• PROBLEM DESCRIPTION: Directions for the data below: repeat exactly the lines from the one with "All of these" through the one with "This is a brand new 2012", both included, and omit all pictures.

• SUPPLIED MATERIAL:
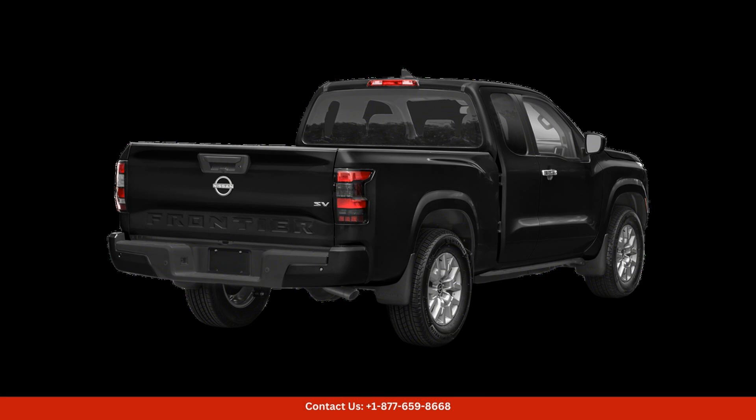Whether you're cruising through the streets or tackling off-road adventures in San Juan, the 2022 Nissan Frontier is up to the task with its reliable performance, rugged design, and impressive capabilities. This truck is the perfect companion for all your driving needs in Puerto Rico.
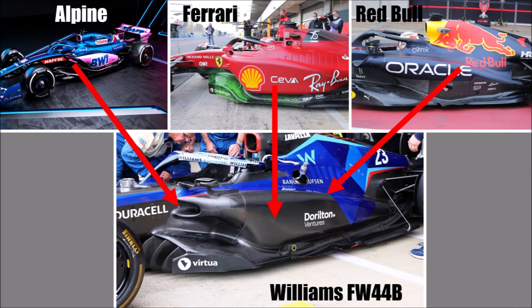If we look at the sidepod, we can see an Alpine-style inlet, a Ferrari-like bluff wall at the side, and a long downward slope like a Red Bull. The high undercut underneath the inlet creates high pressure, which helps to push the front rear wake as far outboard as possible. The bluff wall at the side keeps the wake outboard, and the long slope drags clean air towards the rear corner — which is also new — and the beam wing.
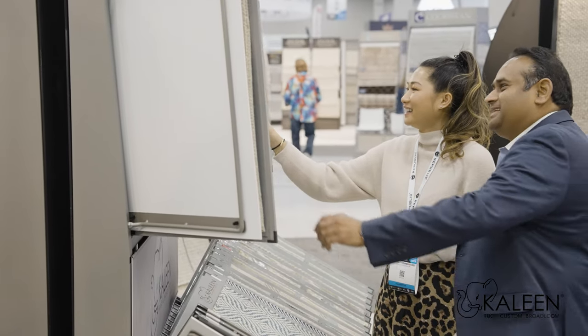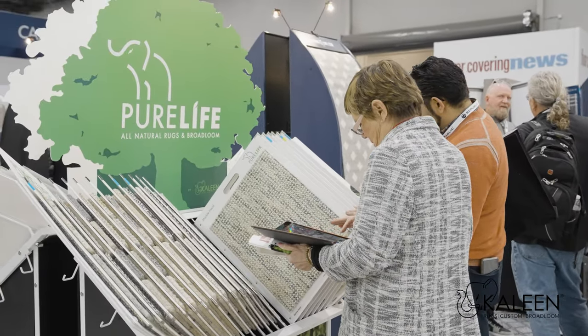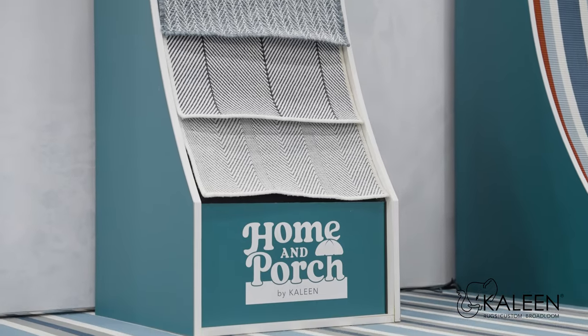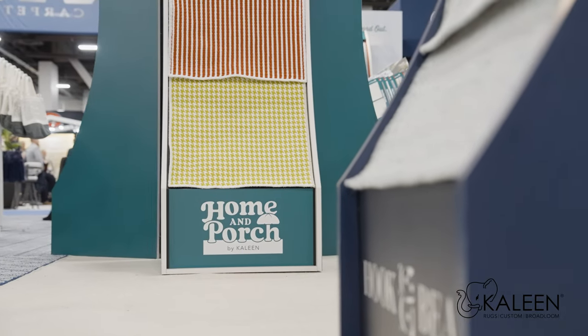Our newest edition includes a clean broad look, Pure Life, Hook and Beam, and a newest brand, Coleman Porch. It's durable enough to go indoors and enough to go outdoors.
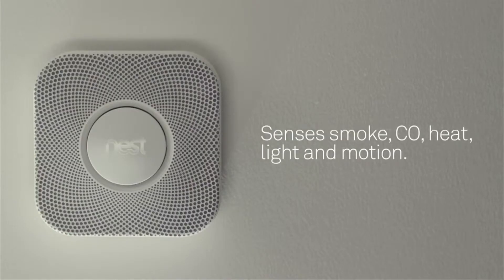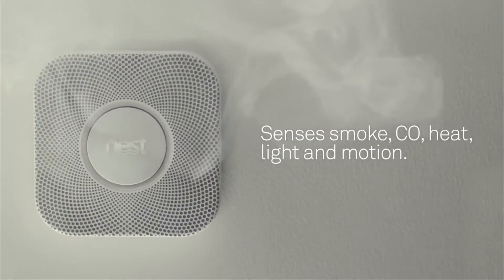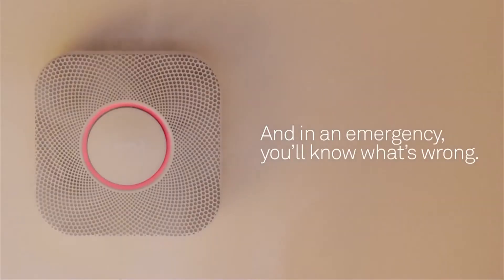As well as smoke, Nest Protect monitors carbon monoxide. You can't see it or smell it, but if it's there, the Nest Protect alarm will go off. It works in tandem with your Nest thermostat, so if the alarm detects carbon monoxide, the thermostat automatically turns off your gas furnace — the most likely source of a carbon monoxide leak.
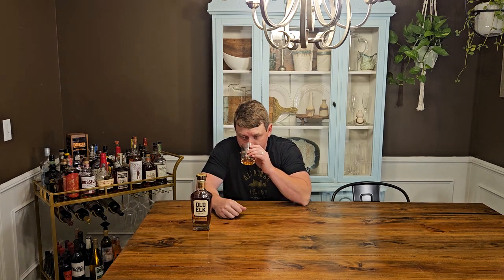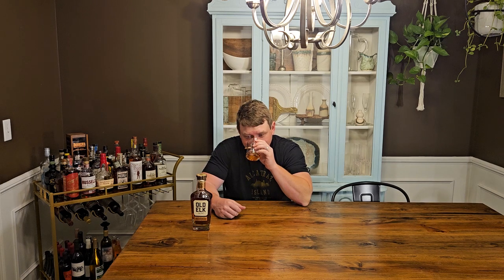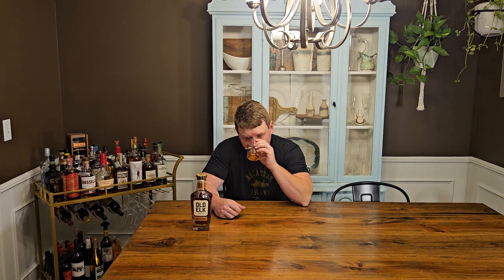I really like what they did with the bottle — I think it's really cool. Let's see what it smells like. That's nice. Super sweet. Honey, vanilla. Almost smells like a donut shop or something. It's really good.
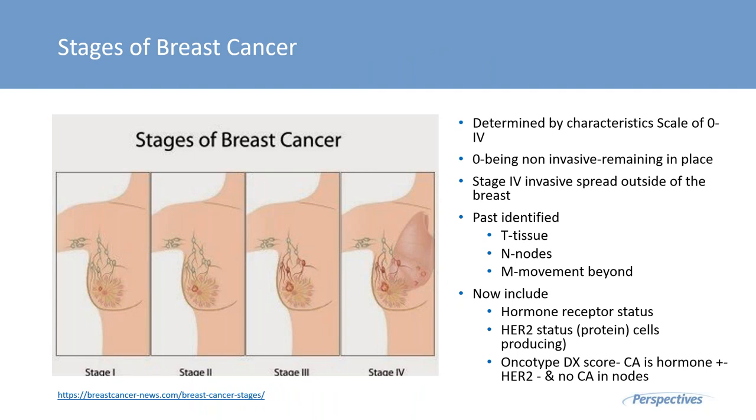All of these diagnostics lead to our ability as practitioners to determine the stage of breast cancer, which determines survival outcomes. The stages range from zero to four: stage zero is non-invasive, remaining in situ, while stage four is the most invasive, spreading outside the breast into other tissues. This is a progressive staging system, determined by tissue involved, whether lymph nodes are involved, and movement of cancer beyond normal breast tissue.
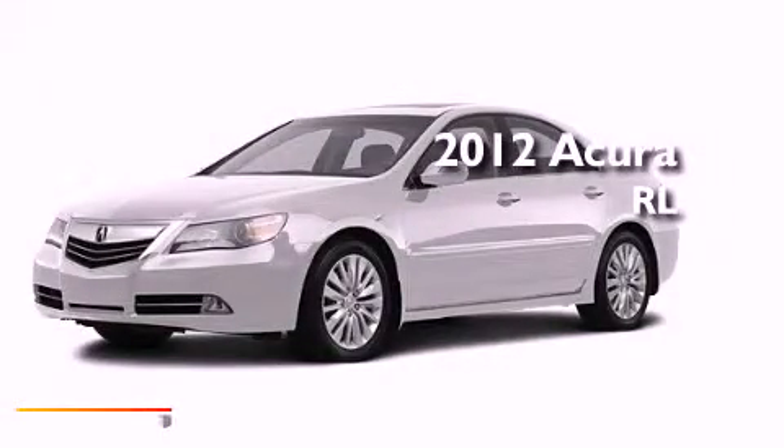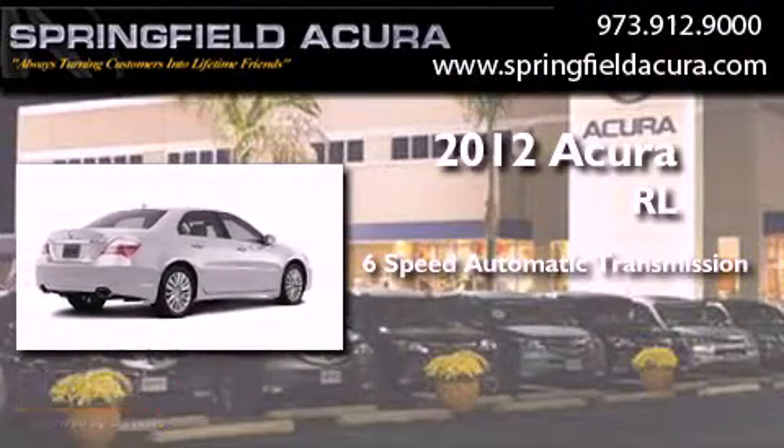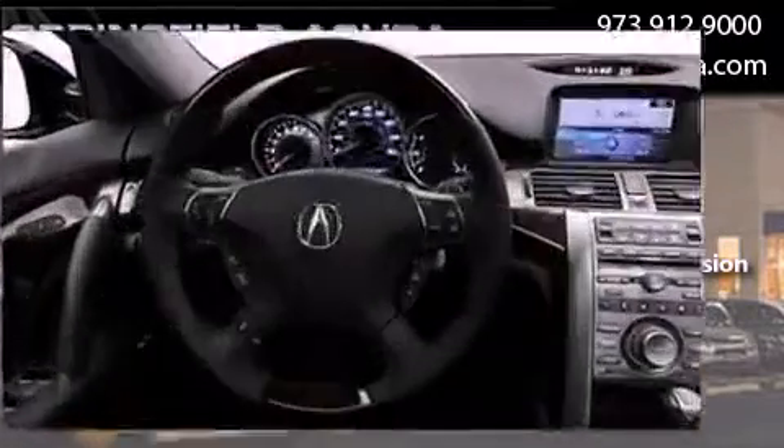This is a brand new 2012 Acura RL. This four-door sedan has a six-speed automatic transmission, a 3.7 liter V6, and the added safety and control of all-wheel drive.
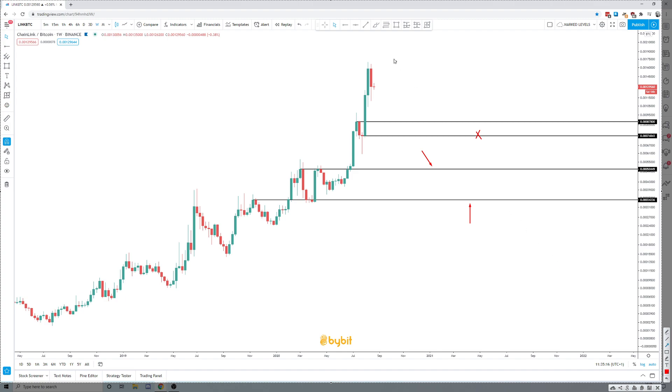That's just some weekly context, but for now all we've had is an inside week in LINK, which basically means the price action of the current week is contained within the price action of the week before it — so chop and ranging. This current week is early days, but there's nothing really screaming for the market to trade lower into these levels. The context is still important though.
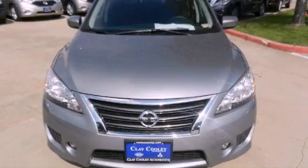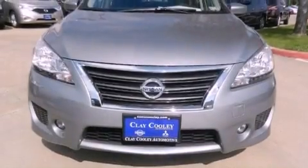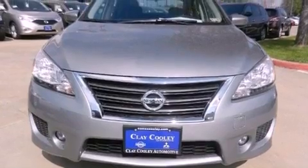This is a brand new 2013 Nissan Sentra. It features a 1.8-liter four-cylinder engine and an automatic transmission.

• EXERCISE OUTPUT:
All of these diagnostics lead to our ability as practitioners to determine the stage of breast cancer, which determines survival outcomes. The stages range from zero to four: stage zero is non-invasive, remaining in situ, while stage four is the most invasive, spreading outside the breast into other tissues. This is a progressive staging system, determined by tissue involved, whether lymph nodes are involved, and movement of cancer beyond normal breast tissue.
This is a brand new 2012 Acura RL. This four-door sedan has a six-speed automatic transmission, a 3.7 liter V6, and the added safety and control of all-wheel drive.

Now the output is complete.